Range-selective digital holography for on-axis geometries and vibrating outdoor objects

Abstract

Optical imaging systems often experience significant performance degradation in turbulent or scattering environments such as fog or dust. To address these challenges, coherent range-selective imaging techniques inspired by frequency-modulated continuous-wave (FMCW) lidar have been developed. These approaches enable holographic imaging of closely spaced objects while suppressing backscatter from objects outside the system's range resolution by reconstructing only those located at specific, tunable ranges. Traditionally, range-selective digital holography has been demonstrated only in off-axis geometries, which limit spatial resolution.
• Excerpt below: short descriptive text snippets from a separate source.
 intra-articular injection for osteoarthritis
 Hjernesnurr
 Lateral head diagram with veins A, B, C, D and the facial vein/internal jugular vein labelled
This work advances the field through the development of a novel on-axis temporal heterodyne technique that achieves range selectivity without compromising spatial resolution. Experimental results are shown at distances of a few meters, although the method is applicable to longer distances. A corresponding mathematical framework was established to analyze range-selective temporal heterodyne digital holography, which operates by coherently integrating over multiple FMCW chirps to reconstruct a hologram. The developed theoretical formulation is broadly applicable to other holographic systems that employ multi-chirp integration. To enhance outdoor range-selective digital holographic operation, where object motion, vibration, and atmospheric turbulence present major challenges, two additional techniques were developed. First, long-range holographic capability was achieved by combining a scanning lidar system with a telescope-based digital holography platform, enabling imaging at distances exceeding one kilometer. Second, a stabilization subassembly was implemented to mitigate turbulence and motion-induced phase distortions. This system successfully demonstrated coherent holographic imaging of strongly vibrating objects that exhibited displacement greater than 18 optical wavelengths during an integration at 90 meters, thereby confirming the system's ability to maintain coherence and support reliable outdoor imaging under adverse conditions.